[jira] [Updated] (ARROW-9065) [Python] Support parsing date32 in dataset partition folders

Joris Van den Bossche (Jira) Thu, 11 Jun 2020 05:08:15 -0700


     [ 
https://issues.apache.org/jira/browse/ARROW-9065?page=com.atlassian.jira.plugin.system.issuetabpanels:all-tabpanel
 ]


Joris Van den Bossche updated ARROW-9065:
-----------------------------------------
    Description: 
I have some data which is partitioned by year/month/date. It would be useful if 
the date could be automatically parsed:

{code:python}

In [17]: schema = pa.schema([("year", pa.int16()), ("month", pa.int8()), 
("day", pa.date32())])

In [18]: partition = DirectoryPartitioning(schema)

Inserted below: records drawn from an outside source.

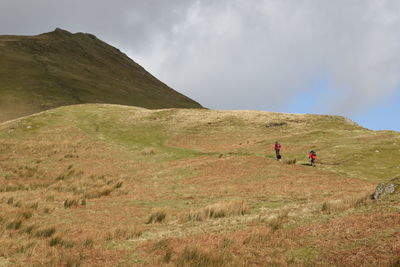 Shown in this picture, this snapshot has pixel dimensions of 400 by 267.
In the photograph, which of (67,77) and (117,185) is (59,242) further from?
(67,77)

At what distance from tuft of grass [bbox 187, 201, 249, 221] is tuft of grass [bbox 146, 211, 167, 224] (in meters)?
1.48

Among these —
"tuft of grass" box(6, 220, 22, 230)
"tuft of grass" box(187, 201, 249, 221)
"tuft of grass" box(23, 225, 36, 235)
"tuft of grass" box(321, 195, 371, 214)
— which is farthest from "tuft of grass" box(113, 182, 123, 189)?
"tuft of grass" box(321, 195, 371, 214)

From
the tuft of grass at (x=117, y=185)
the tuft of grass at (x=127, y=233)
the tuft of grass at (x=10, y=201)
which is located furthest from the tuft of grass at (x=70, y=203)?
the tuft of grass at (x=127, y=233)

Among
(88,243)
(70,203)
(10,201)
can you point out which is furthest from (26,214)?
(88,243)

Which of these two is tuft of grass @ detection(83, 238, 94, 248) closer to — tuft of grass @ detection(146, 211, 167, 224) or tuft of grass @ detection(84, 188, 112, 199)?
tuft of grass @ detection(146, 211, 167, 224)

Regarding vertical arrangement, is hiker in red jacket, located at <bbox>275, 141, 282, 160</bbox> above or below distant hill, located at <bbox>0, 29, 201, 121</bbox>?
below

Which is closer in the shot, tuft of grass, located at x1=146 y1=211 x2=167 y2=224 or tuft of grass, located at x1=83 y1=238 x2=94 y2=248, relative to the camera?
tuft of grass, located at x1=83 y1=238 x2=94 y2=248

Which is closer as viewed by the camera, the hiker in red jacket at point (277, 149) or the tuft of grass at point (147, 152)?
the hiker in red jacket at point (277, 149)

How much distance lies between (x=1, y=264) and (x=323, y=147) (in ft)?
121

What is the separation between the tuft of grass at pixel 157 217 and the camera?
17.9m

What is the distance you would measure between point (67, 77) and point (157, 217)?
115 meters

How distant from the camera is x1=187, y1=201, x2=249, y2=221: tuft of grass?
1747 centimetres

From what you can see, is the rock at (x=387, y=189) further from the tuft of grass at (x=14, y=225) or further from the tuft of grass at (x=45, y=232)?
the tuft of grass at (x=14, y=225)

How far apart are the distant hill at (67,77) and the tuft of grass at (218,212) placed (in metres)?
77.1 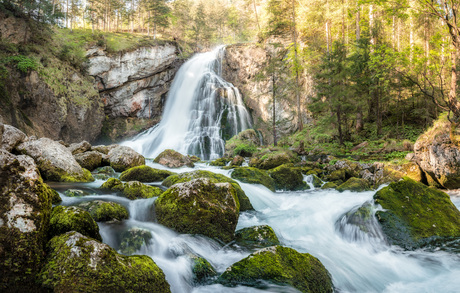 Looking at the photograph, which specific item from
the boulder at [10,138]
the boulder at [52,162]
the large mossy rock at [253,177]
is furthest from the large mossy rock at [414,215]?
the boulder at [10,138]

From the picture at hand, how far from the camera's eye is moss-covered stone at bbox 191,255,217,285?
11.7ft

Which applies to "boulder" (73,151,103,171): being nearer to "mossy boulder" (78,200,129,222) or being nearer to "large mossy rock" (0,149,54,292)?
"mossy boulder" (78,200,129,222)

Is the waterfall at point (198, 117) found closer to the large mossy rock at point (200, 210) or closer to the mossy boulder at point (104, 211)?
the large mossy rock at point (200, 210)

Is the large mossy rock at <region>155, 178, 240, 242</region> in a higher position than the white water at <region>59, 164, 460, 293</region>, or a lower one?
higher

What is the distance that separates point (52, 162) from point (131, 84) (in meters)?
22.1

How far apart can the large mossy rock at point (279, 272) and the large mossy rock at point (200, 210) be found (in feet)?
4.29

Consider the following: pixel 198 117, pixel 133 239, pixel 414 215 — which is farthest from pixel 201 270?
pixel 198 117

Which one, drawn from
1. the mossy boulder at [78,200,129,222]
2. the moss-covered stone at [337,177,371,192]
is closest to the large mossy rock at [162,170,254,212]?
the mossy boulder at [78,200,129,222]

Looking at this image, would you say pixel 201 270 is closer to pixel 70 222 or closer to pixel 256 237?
pixel 256 237

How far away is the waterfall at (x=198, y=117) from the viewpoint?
23.4 metres

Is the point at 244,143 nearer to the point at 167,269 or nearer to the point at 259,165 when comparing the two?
the point at 259,165

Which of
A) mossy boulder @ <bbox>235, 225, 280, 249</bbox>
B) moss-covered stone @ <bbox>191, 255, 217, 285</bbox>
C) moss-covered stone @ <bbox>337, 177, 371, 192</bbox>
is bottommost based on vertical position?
moss-covered stone @ <bbox>337, 177, 371, 192</bbox>

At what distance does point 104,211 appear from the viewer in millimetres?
4707

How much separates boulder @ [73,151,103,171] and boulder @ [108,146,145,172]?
54 centimetres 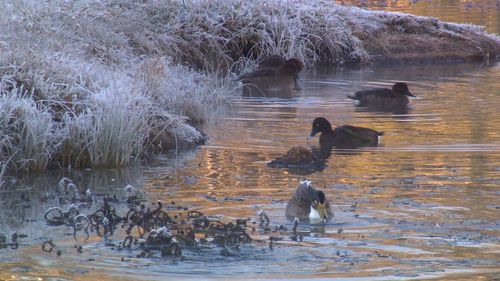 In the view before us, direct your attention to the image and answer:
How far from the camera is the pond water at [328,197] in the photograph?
8.15 m

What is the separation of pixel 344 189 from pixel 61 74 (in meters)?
4.01

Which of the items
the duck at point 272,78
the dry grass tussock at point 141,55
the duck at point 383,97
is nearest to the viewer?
the dry grass tussock at point 141,55

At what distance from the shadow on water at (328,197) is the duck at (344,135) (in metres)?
0.17

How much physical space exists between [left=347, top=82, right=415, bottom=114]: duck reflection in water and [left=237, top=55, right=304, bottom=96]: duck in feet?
6.26

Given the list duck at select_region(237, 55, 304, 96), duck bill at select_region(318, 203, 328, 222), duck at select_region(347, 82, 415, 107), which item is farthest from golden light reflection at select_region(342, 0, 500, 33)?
duck bill at select_region(318, 203, 328, 222)

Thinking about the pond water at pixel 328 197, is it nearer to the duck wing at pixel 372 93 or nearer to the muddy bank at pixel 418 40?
the duck wing at pixel 372 93

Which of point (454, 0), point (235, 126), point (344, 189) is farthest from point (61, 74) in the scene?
point (454, 0)

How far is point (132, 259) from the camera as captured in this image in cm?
834

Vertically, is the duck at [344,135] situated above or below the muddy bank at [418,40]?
below

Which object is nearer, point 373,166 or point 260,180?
point 260,180

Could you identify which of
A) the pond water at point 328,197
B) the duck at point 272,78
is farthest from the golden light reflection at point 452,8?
the pond water at point 328,197

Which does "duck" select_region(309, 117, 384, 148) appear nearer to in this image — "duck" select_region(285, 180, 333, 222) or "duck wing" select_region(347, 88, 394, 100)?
"duck wing" select_region(347, 88, 394, 100)

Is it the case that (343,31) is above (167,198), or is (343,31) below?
above

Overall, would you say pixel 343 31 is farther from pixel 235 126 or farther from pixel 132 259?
pixel 132 259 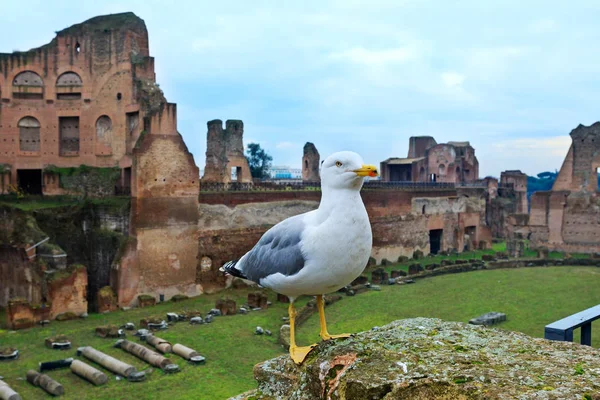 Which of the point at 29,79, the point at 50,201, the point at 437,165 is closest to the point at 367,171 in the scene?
the point at 50,201

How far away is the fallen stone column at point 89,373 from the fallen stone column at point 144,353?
4.01ft

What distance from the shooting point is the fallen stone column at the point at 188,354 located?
13336mm

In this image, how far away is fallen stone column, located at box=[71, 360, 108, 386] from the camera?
12.2 m

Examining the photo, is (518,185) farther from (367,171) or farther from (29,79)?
(367,171)

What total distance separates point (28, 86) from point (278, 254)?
25.5 meters

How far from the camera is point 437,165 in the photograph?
45312 mm

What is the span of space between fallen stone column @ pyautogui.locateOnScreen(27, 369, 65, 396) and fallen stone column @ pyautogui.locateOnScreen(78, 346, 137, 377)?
124cm

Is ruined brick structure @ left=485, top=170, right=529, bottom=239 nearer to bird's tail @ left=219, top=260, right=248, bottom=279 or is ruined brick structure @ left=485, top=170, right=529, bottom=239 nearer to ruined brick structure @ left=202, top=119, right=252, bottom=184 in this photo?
ruined brick structure @ left=202, top=119, right=252, bottom=184

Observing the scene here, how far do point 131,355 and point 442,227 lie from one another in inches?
912

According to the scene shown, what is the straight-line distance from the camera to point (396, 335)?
4.79 meters

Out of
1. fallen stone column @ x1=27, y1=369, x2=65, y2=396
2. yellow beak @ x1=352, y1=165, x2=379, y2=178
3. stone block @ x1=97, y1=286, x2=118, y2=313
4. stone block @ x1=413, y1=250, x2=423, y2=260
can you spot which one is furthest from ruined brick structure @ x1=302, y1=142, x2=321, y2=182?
yellow beak @ x1=352, y1=165, x2=379, y2=178

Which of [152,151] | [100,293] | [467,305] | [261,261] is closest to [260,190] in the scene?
[152,151]

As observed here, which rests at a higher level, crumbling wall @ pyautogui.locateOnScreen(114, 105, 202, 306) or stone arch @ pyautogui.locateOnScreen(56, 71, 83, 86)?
stone arch @ pyautogui.locateOnScreen(56, 71, 83, 86)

In [19]: partition.parse("/2020/06/2020-06-08")
---------------------------------------------------------------------------
ArrowNotImplementedError Traceback (most recent call last)
<ipython-input-19-c227c808b401> in <module>
----> 1 partition.parse("/2020/06/2020-06-08")

~\envs\dev\lib\site-packages\pyarrow\_dataset.pyx in 
pyarrow._dataset.Partitioning.parse()

~\envs\dev\lib\site-packages\pyarrow\error.pxi in 
pyarrow.lib.pyarrow_internal_check_status()

~\envs\dev\lib\site-packages\pyarrow\error.pxi in pyarrow.lib.check_status()

ArrowNotImplementedError: parsing scalars of type date32[day]
{code}


Not a big issue since you can just use string and convert, but nevertheless it 
would be nice if it Just Worked
{code}

In [22]: schema = pa.schema([("year", pa.int16()), ("month", pa.int8()), 
("day", pa.string())])

In [23]: partition = DirectoryPartitioning(schema)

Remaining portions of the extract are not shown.